In academia there is some overlap between reports and essays, and the two words are sometimes used interchangeably, but reports are more likely to be needed for business, scientific and technical subjects, and in the workplace.
Whereas an essay presents arguments and reasoning, a report concentrates on facts.
Essentially, a report is a short, sharp, concise document which is written for a particular purpose and audience. It generally sets outs and analyses a situation or problem, often making recommendations for future action. It is a factual paper, and needs to be clear and well-structured.
Requirements for the precise form and content of a report will vary between organisation and departments and in study between courses, from tutor to tutor, as well as between subjects, so it’s worth finding out if there are any specific guidelines before you start.
Reports may contain some or all of the following elements:
- A description of a sequence of events or a situation;
- Some interpretation of the significance of these events or situation, whether solely your own analysis or informed by the views of others, always carefully referenced of course (see our page on Academic Referencing for more information);
- An evaluation of the facts or the results of your research;
- Discussion of the likely outcomes of future courses of action;
- Your recommendations as to a course of action; and
Not all of these elements will be essential in every report.
If you’re writing a report in the workplace, check whether there are any standard guidelines or structure that you need to use.
For example, in the UK many government departments have outline structures for reports to ministers that must be followed exactly.
Sections and Numbering
A report is designed to lead people through the information in a structured way, but also to enable them to find the information that they want quickly and easily.
Reports usually, therefore, have numbered sections and subsections, and a clear and full contents page listing each heading. It follows that page numbering is important.
Modern word processors have features to add tables of contents (ToC) and page numbers as well as styled headings; you should take advantage of these as they update automatically as you edit your report, moving, adding or deleting sections.
Getting Started: prior preparation and planning
The structure of a report is very important to lead the reader through your thinking to a course of action and/or decision. It’s worth taking a bit of time to plan it out beforehand.
Step 1: Know your brief
You will usually receive a clear brief for a report, including what you are studying and for whom the report should be prepared.
First of all, consider your brief very carefully and make sure that you are clear who the report is for (if you're a student then not just your tutor, but who it is supposed to be written for), and why you are writing it, as well as what you want the reader to do at the end of reading: make a decision or agree a recommendation, perhaps.
Step 2: Keep your brief in mind at all times
During your planning and writing, make sure that you keep your brief in mind: who are you writing for, and why are you writing?
All your thinking needs to be focused on that, which may require you to be ruthless in your reading and thinking. Anything irrelevant should be discarded.
As you read and research, try to organise your work into sections by theme, a bit like writing a Literature Review.
Make sure that you keep track of your references, especially for academic work.
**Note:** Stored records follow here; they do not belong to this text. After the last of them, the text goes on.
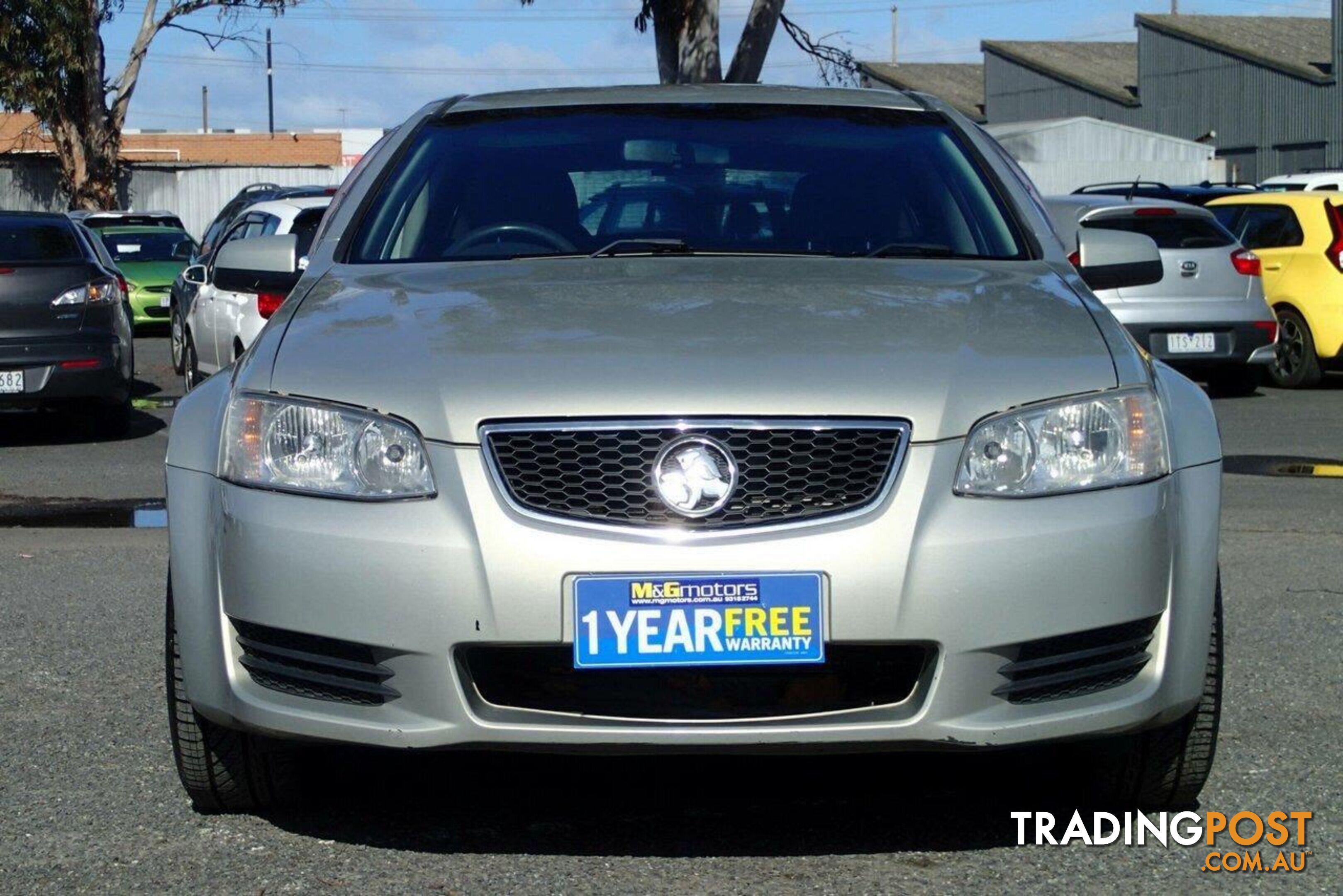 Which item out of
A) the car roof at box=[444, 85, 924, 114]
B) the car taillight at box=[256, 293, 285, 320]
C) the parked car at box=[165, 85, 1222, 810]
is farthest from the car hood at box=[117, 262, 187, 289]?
the parked car at box=[165, 85, 1222, 810]

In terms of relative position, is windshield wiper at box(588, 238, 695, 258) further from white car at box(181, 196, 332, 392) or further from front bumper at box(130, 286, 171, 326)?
front bumper at box(130, 286, 171, 326)

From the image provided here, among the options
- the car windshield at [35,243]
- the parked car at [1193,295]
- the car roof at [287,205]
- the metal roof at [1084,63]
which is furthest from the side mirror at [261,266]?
the metal roof at [1084,63]

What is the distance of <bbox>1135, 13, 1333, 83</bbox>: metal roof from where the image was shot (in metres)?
54.8

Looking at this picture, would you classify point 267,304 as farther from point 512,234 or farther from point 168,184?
point 168,184

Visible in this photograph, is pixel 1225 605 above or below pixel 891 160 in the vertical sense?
below

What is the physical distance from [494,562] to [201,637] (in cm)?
65

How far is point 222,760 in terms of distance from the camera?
4.02 meters

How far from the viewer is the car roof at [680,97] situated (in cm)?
536

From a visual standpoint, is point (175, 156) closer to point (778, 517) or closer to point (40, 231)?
point (40, 231)

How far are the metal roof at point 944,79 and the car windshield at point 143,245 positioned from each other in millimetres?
47661

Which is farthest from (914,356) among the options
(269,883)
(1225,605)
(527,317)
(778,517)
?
(1225,605)

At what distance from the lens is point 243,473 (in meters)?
3.72

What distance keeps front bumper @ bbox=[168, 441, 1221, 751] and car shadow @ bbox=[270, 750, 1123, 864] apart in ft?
1.26

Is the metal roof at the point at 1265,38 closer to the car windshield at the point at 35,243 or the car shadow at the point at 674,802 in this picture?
the car windshield at the point at 35,243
Although referencing is perhaps less important in the workplace, it’s also important that you can substantiate any assertions that you make so it’s helpful to keep track of your sources of information.
The Structure of a Report
Like the precise content, requirements for structure vary, so do check what’s set out in any guidance.
However, as a rough guide, you should plan to include at the very least an executive summary, introduction, the main body of your report, and a section containing your conclusions and any recommendations.
The executive summary or abstract, for a scientific report, is a brief summary of the contents. It’s worth writing this last, when you know the key points to draw out. It should be no more than half a page to a page in length.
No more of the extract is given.